= Bailout! The Game =

Board game

Bailout! The Game is a board game created in 2008 by Jordy and Shari Sopourn. The Sopourns, a married couple living in South Florida, were trying to explain the Troubled Asset Relief Program (TARP)—better known as the government bailout—to their three home-schooled children. Due to the children's young age (the oldest was 10), they had trouble understanding the concept, so their parents turned it into a board game. According to Jordy, the game "took on a life of its own" and the couple decided to self-publish the game.
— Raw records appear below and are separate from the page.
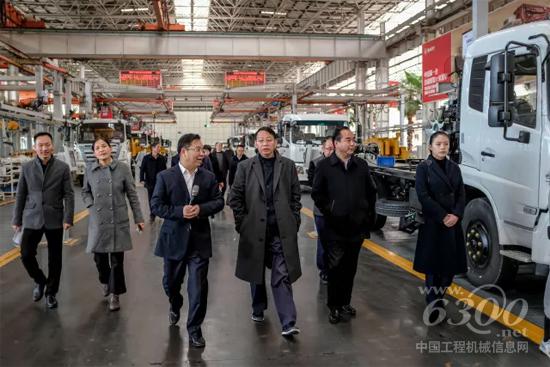 长沙市政协主席文树勋寄语三一:要像谈恋爱一样呵护品牌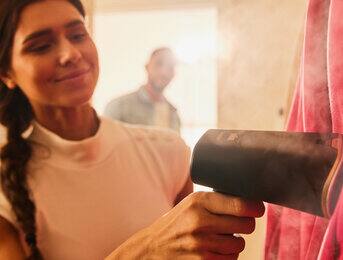 Quick and easy wrinkle removal thanks to high wattage and steam rate.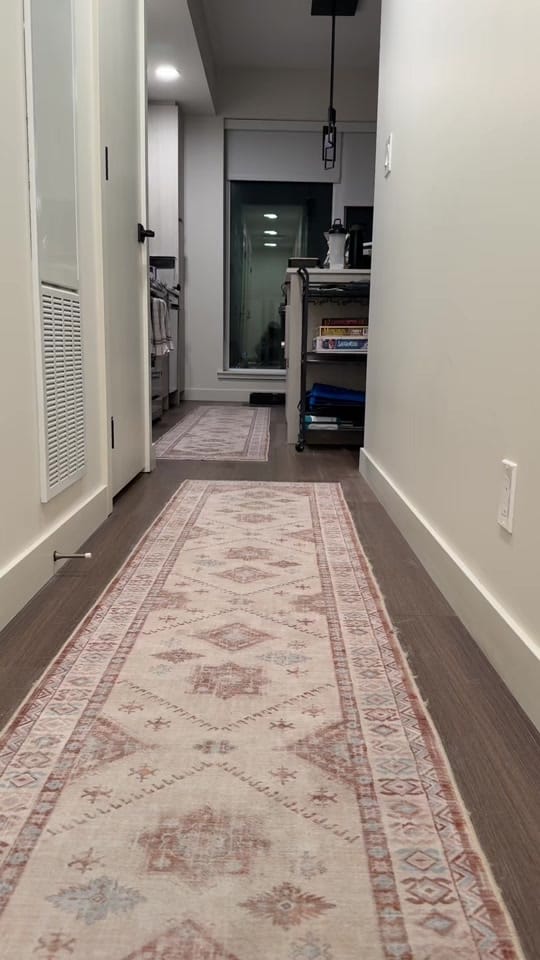 Post 2 by lunahuskycorgi on TikTok (video)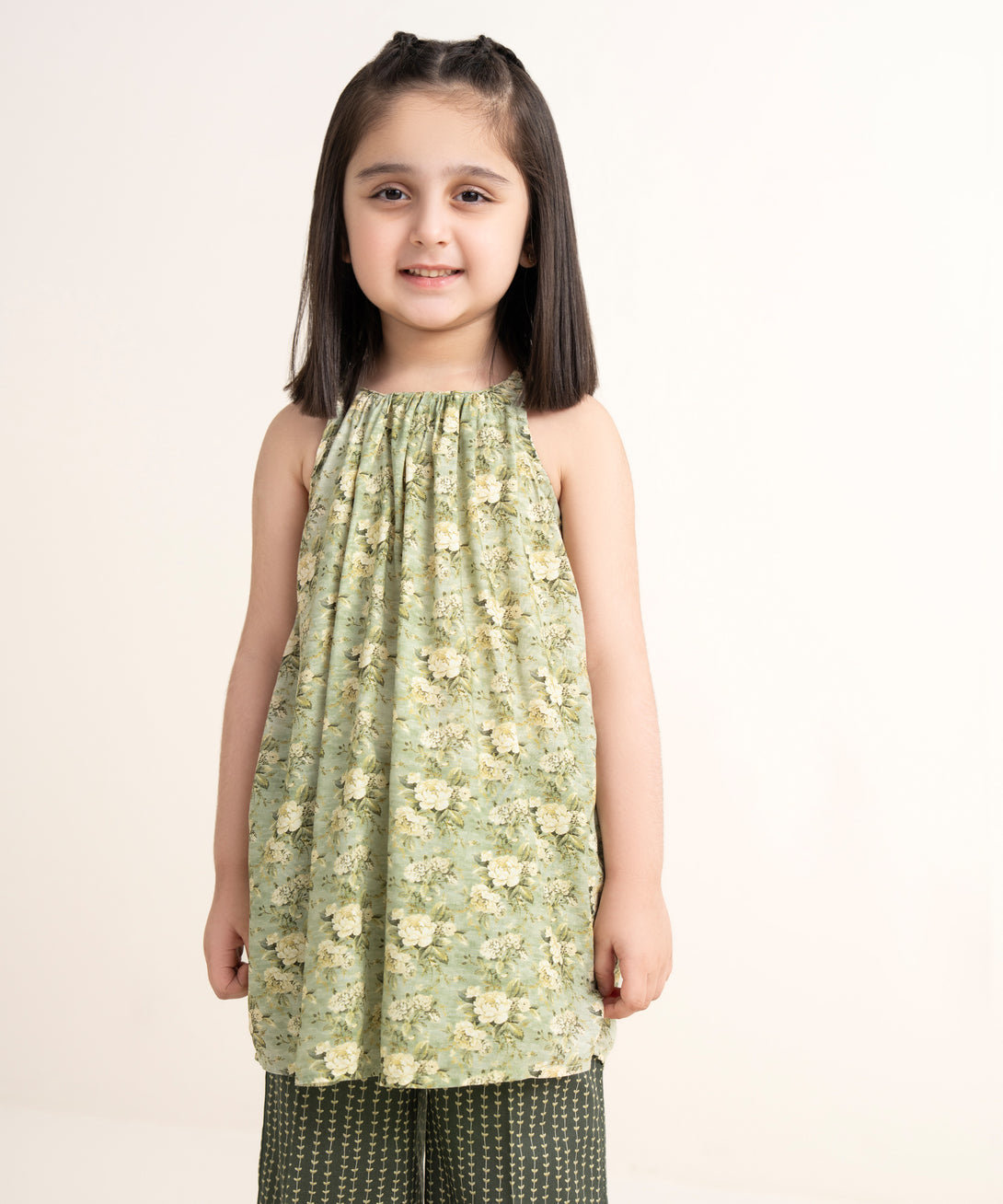 Girls Two Piece Printed Arabic Lawn Suit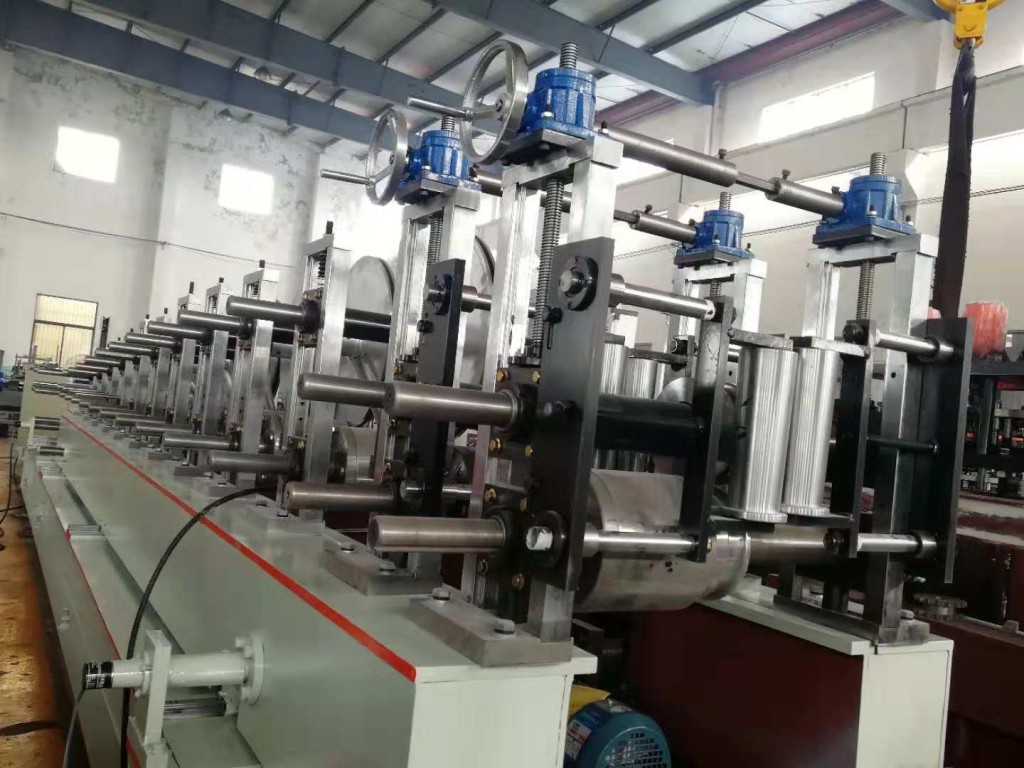 Aluminum U Baffle Ceiling Roll Forming Machine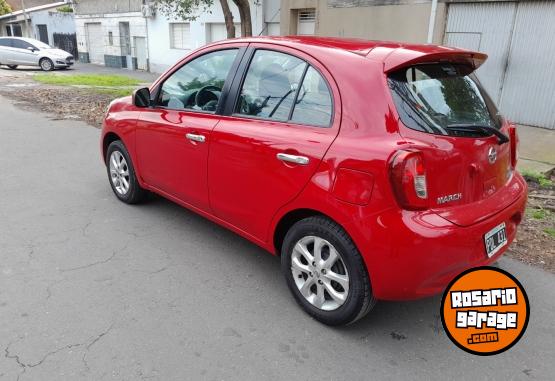 Autos - Nissan March 2015 Nafta 60000Km - En Venta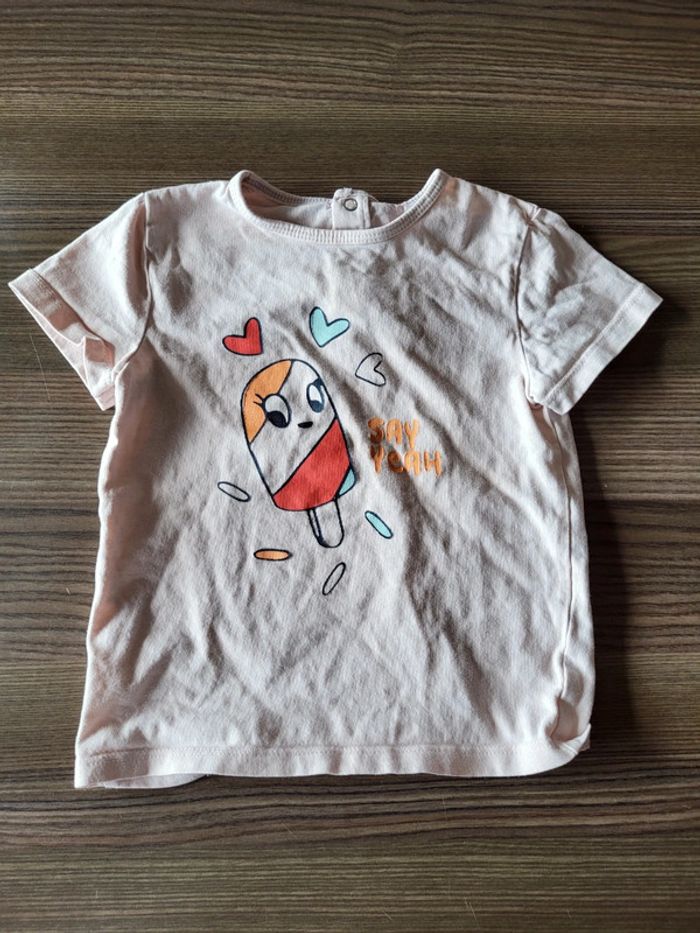 T-shirt taille 12 mois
The tagline of the game is, "When you lose, you WIN!" Each player chooses a bank to play (examples: "Bankruptcy O’ America", "Worth Farless"), and starts with $2.5 billion. The objective of the game is to get to the end of the money trail and build the most debt. Each turn, players make an investment decision which can cause their bank to gain or lose assets based on die rolls. The game winner is the bank with the largest amount of debt, who wins the bailout. The game also includes various trivia questions. Players must identify quotes from presidents and financial institution leaders. Answering a trivia question correctly will increase the debt of bank that the player is playing for.

Bailout! debuted at the Chicago Toy and Game Fair in November 2009. The game is sold for $29.95.

Seventeen drafts of the game were created prior to the final released version.